Zeolithe als Molekularsieb-Sorbentien
Zeolithe zählen zu den Molekularsieben. Dies sind Alumosilikate mit einer Tetraederstruktur aus Aluminium- und Siliciumatomen, welche jeweils über vier Sauerstoffatome miteinander verbunden sind. Es ergeben sich regelmäßige Strukturen mit Poren und Kanälen, in denen Moleküle entsprechender Größe adsorbiert werden können. Je nach Porengröße können so unterschiedlich große Moleküle adsorbiert werden, wodurch sich ihre Einsatzgebiete unterscheiden. Üblich sind Zeolithe mit Porengrößen zwischen drei und zehn Ångström (Å), wobei 1 Å = 10-7 mm entsprechen.
Zeolithe mit Porengrößen von drei bis vier Ångström eignen sich besonders für die Trocknung von Gasen, aber auch von organischen Lösungsmitteln, wie Alkohole oder Kohlenwasserstoffe.

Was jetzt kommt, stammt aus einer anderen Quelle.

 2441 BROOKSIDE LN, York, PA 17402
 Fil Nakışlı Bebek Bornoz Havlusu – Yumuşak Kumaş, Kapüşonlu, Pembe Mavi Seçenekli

Im Labor werden Zeolithe als Molekularsieb-Sorbentien verwendet, um wasserfreie Lösungsmittel zu lagern. Eindringende Feuchtigkeit würde durch das Filtergranulat adsorbiert werden, wodurch das Lösungsmittel trocken gehalten wird. Die Abwesenheit von Feuchtigkeit ist für zahlreiche Synthesen im chemischen Labor oft eine unabdingbare Voraussetzung. Durch Erhitzen können Zeolithe leicht regeneriert werden, wodurch sie mehrmals benutzt werden können.
Zeolithe sind auch in Waschmitteln enthalten, sie haben dort die Funktion eines Wasserenthärters. Dabei werden Kalkbildner aus dem Wasser adsorbiert.
Die Adsorptions- und Desorptionseigenschaften der Zeolithe machen sie ferner als vielversprechende Materialien für die ökologische Wärmespeicherung interessant. Zunächst wird in der sonnigen, warmen Jahreszeit dem Zeolith-Speichersystem Wärme-Energie von außen zugeführt, wobei das am Zeolith adsorbierte Wasser freigesetzt und abgeführt wird. Bei Bedarf, etwa in der kälteren Jahreszeit, wird dem System gezielt Wasser zugeführt, das nunmehr wieder am Zeolith-Material adsorbiert wird. Die beim Adsorptionsvorgang freiwerden Wärme-Energie, die Adsorptionsenergie, kann nun über Wärmetauscher zur Warmwasserbereitung und für die Gebäudeheizung genutzt werden.
Derartige Systeme, die hohen technischen und materiellen Aufwand erfordern, sind in Energiesparhäusern bereits versuchsweise im Einsatz.